__Task details__
Please reproduce the data exactly, excluding any pictures it contains.

__Data segment__
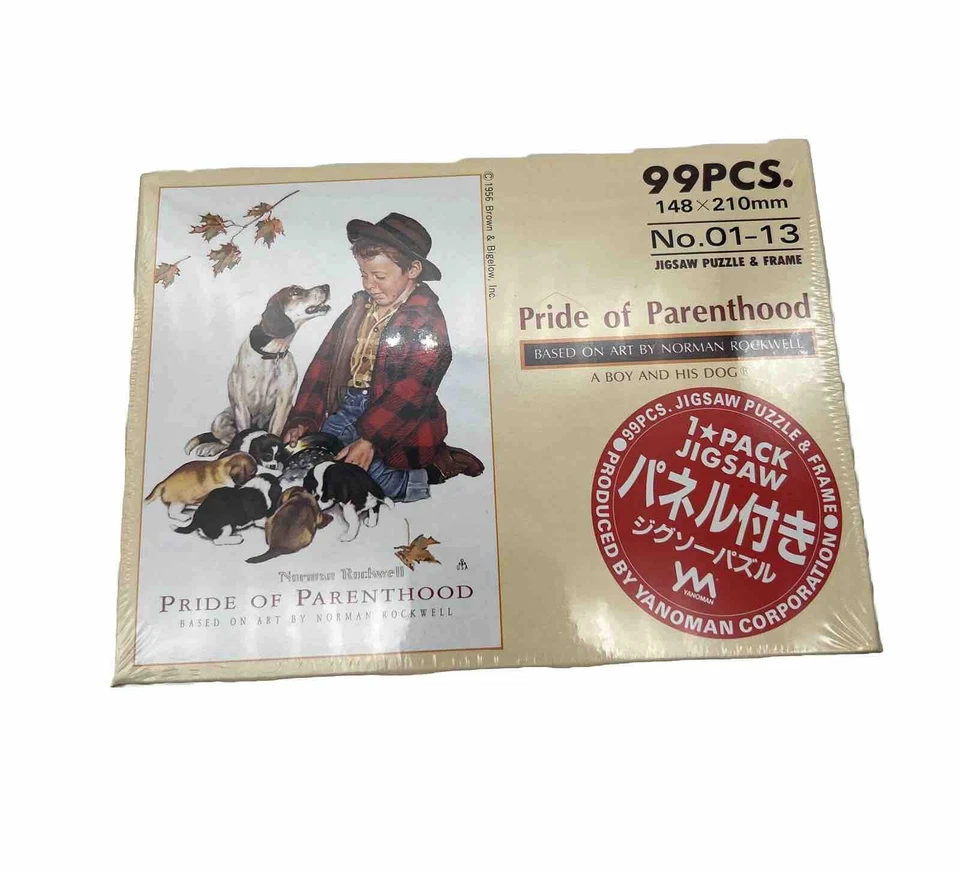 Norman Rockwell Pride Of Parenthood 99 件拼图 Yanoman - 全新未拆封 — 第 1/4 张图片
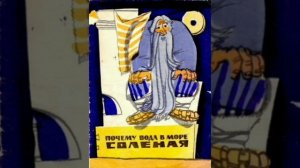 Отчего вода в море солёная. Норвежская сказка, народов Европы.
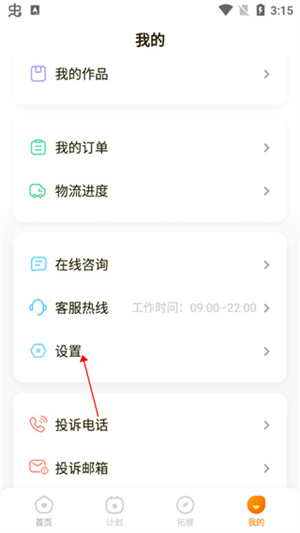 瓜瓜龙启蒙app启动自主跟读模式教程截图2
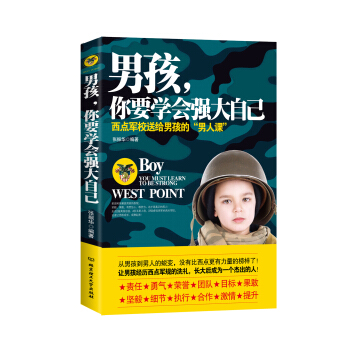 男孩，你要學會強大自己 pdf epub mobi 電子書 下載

__Answer to the exercise__
 Norman Rockwell Pride Of Parenthood 99 件拼图 Yanoman - 全新未拆封 — 第 1/4 张图片
 Отчего вода в море солёная. Норвежская сказка, народов Европы.
 瓜瓜龙启蒙app启动自主跟读模式教程截图2
 男孩，你要學會強大自己 pdf epub mobi 電子書 下載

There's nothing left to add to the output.